The equation `x^(3)+x^(2)y-xy^(2)-y^(3)=0` represents three straight lines passing through the origin such that

To solve the equation \(x^3 + x^2y - xy^2 - y^3 = 0\) and determine the nature of the straight lines it represents, we can follow these steps: ### Step 1: Factor the given equation We start with the equation: \[ x^3 + x^2y - xy^2 - y^3 = 0 \] We can group the terms to factor them.
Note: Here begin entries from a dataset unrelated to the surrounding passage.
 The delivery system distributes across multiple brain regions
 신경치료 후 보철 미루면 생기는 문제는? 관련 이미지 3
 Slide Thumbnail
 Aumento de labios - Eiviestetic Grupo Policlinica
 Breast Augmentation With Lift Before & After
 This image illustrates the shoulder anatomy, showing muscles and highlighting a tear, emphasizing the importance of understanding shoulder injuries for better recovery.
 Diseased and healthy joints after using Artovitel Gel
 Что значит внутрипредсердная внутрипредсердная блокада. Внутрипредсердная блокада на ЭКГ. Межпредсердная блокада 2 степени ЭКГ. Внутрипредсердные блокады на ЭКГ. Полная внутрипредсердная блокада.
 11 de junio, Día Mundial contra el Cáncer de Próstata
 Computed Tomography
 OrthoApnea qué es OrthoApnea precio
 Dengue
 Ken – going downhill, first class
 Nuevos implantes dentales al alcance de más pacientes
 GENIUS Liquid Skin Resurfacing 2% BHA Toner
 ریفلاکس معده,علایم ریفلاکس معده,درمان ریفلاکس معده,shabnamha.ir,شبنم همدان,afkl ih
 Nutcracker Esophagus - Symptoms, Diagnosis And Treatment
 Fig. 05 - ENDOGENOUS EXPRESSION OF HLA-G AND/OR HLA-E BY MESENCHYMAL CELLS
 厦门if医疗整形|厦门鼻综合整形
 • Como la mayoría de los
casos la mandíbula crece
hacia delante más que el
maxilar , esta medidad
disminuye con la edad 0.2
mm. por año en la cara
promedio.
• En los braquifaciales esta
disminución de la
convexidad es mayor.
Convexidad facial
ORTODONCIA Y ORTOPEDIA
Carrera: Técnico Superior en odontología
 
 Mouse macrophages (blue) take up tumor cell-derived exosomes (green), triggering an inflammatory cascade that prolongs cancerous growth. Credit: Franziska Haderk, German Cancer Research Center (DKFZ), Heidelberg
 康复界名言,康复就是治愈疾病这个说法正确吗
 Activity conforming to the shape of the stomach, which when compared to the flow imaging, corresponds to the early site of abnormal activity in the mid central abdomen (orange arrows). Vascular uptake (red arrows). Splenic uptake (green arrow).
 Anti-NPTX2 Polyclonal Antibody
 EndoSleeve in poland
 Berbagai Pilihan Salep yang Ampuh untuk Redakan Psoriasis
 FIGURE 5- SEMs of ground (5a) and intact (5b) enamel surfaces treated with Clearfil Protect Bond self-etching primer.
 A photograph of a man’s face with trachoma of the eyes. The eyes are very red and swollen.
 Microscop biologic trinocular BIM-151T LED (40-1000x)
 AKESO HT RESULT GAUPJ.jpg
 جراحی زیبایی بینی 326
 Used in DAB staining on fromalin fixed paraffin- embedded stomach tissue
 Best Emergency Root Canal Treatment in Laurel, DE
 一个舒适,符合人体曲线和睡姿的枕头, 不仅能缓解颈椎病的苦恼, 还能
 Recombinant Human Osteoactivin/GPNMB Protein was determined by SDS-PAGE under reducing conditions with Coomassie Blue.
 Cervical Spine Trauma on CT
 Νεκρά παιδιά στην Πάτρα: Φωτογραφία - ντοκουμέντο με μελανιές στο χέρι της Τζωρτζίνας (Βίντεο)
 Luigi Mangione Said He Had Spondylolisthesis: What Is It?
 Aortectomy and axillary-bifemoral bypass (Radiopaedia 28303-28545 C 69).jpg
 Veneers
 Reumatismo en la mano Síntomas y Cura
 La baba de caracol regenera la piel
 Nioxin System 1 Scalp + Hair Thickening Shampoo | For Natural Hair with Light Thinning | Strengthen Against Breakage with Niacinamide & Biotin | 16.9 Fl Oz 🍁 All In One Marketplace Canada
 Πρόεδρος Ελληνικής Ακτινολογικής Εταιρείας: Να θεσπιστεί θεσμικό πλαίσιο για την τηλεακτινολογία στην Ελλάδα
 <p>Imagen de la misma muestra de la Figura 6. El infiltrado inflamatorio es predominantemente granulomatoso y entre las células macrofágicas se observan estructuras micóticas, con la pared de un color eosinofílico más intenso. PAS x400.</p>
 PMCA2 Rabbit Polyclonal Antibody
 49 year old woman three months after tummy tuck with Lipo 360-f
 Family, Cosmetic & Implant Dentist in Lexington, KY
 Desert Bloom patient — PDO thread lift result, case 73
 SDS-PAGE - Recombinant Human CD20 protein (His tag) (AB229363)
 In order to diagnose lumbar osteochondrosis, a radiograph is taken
Taking \(x^2\) common from the first two terms and \(-y^2\) from the last two terms gives: \[ x^2(x + y) - y^2(x + y) = 0 \] Now, we can factor out \((x + y)\): \[ (x + y)(x^2 - y^2) = 0 \] ### Step 2: Further factor \(x^2 - y^2\) The expression \(x^2 - y^2\) can be factored using the difference of squares: \[ x^2 - y^2 = (x - y)(x + y) \] Thus, we can rewrite the equation as: \[ (x + y)(x - y)(x + y) = 0 \] This simplifies to: \[ (x + y)^2(x - y) = 0 \] ### Step 3: Identify the lines From the factored form, we can identify the lines represented by the equation: 1. \(x + y = 0\) (This line is counted twice since it appears squared) 2. \(x - y = 0\) Thus, we have two distinct lines: \(x + y = 0\) (which is coincident) and \(x - y = 0\). ### Step 4: Determine the slopes of the lines Now, we need to find the slopes of these lines to check if they are perpendicular: - For the line \(x + y = 0\): \[ y = -x \quad \Rightarrow \quad m_1 = -1 \] - For the line \(x - y = 0\): \[ y = x \quad \Rightarrow \quad m_2 = 1 \] ### Step 5: Check for perpendicularity To check if the lines are perpendicular, we calculate the product of their slopes: \[ m_1 \cdot m_2 = (-1) \cdot (1) = -1 \] Since the product of the slopes is \(-1\), it confirms that the lines are perpendicular. ### Conclusion The equation \(x^3 + x^2y - xy^2 - y^3 = 0\) represents three lines passing through the origin, where two lines are coincident and one line is perpendicular to them.